The Royal Norwegian Air Force (RoNAF) has retired its last F-16 Fighting Falcon fourth generation fighters as its new generation of F-35A Lightning II Joint Strike Fighters take over all combat aviation duties. Norway was the first European country to activate an F-35 squadron, doing so in December 2019, after receiving its first aircraft just months after the U.S. Air Force in 2015. The country has long had a special defence relationship with the United States, with the country remaining outside the European Union but playing a vital role in projecting NATO power into and furthering Western interests in the Arctic including hosting growing numbers of U.S. assets. The country is also the first in the world to have a fighter fleet comprised entirely of fifth generation stealth aircraft, which was made possible by the small size of its forces and the priority it was allocated for F-35 deliveries. The F-35 is currently limited to a basic initial operating capability, and it is expected to be many years before it is considered ready for high intensity combat. The Pentagon has continued to delay certifying it for full scale production due to years long delays in solving performance issues that would provide a fuller combat capability. 

The RoNAF announced on January 6th regarding the retirement of the last F-16s: “In dense snow drifts on Evenes, the F-35 started today the job of looking after Norwegian airspace. At the same time, the F-16 was thanked for 42 years of service for Norway and NATO.” The F-16 has increasingly been considered obsolete, having first entered service in 1978, with most major operators moving to reduce the number of units operational and consider options for replacement.

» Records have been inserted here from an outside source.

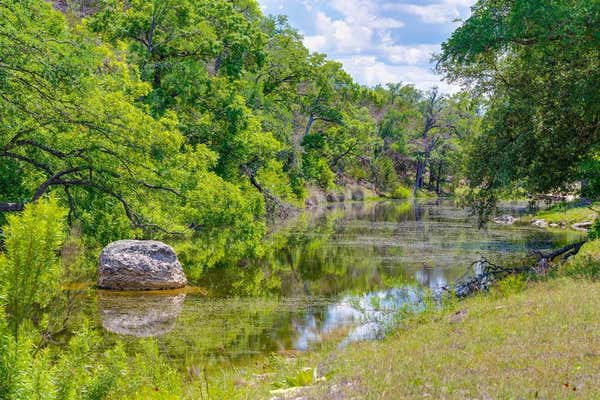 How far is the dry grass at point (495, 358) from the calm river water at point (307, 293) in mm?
3210

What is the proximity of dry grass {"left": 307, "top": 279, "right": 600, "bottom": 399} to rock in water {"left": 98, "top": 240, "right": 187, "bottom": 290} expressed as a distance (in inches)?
367

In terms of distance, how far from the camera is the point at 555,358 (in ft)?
23.0

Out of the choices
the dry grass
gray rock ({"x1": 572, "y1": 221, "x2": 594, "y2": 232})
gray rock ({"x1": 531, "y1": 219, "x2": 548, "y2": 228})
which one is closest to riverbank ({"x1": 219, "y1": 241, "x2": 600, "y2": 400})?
the dry grass

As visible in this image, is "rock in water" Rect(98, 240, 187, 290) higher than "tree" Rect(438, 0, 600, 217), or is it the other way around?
"tree" Rect(438, 0, 600, 217)

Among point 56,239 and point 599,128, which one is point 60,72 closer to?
point 56,239

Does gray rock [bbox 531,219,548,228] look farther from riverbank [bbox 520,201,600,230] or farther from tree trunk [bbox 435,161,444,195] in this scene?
tree trunk [bbox 435,161,444,195]

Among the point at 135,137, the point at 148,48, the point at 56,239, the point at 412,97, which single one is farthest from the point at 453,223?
the point at 412,97

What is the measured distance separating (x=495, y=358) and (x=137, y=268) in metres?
13.5

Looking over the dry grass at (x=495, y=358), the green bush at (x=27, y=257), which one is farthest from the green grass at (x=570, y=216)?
Result: the green bush at (x=27, y=257)

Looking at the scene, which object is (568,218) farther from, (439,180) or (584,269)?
(439,180)

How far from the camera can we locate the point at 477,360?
7414 mm

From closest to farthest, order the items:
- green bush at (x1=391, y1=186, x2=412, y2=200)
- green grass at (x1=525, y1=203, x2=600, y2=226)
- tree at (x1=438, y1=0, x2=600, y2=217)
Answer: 1. tree at (x1=438, y1=0, x2=600, y2=217)
2. green grass at (x1=525, y1=203, x2=600, y2=226)
3. green bush at (x1=391, y1=186, x2=412, y2=200)

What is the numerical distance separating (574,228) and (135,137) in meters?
31.9

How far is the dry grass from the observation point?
6.13 meters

Indeed, U.S. Air Force Air Combat Command chief General Mike Hostage predicted that the fighter would be essentially obsolete by the year 2024, with similar predictions being made widely, although American efforts to extent the fighter’s service life and modernise its armaments and avionics have been pursued out of necessity due primarily to delays with the F-35 program. Limitations on the F-35’s capabilities mean that Norway will be more heavily reliant than before on foreign support particularly for air defence in the event of actual combat, as its F-16s, although old, were still fully operational to a degree the F-35s are unlikely to reach before 2025. The F-35 is currently one of just two fifth generation fighters in the world in production and fielded at squadron level strength, alongside the Chinese J-20, and is expected to form the backbone of NATO air power for decades to come.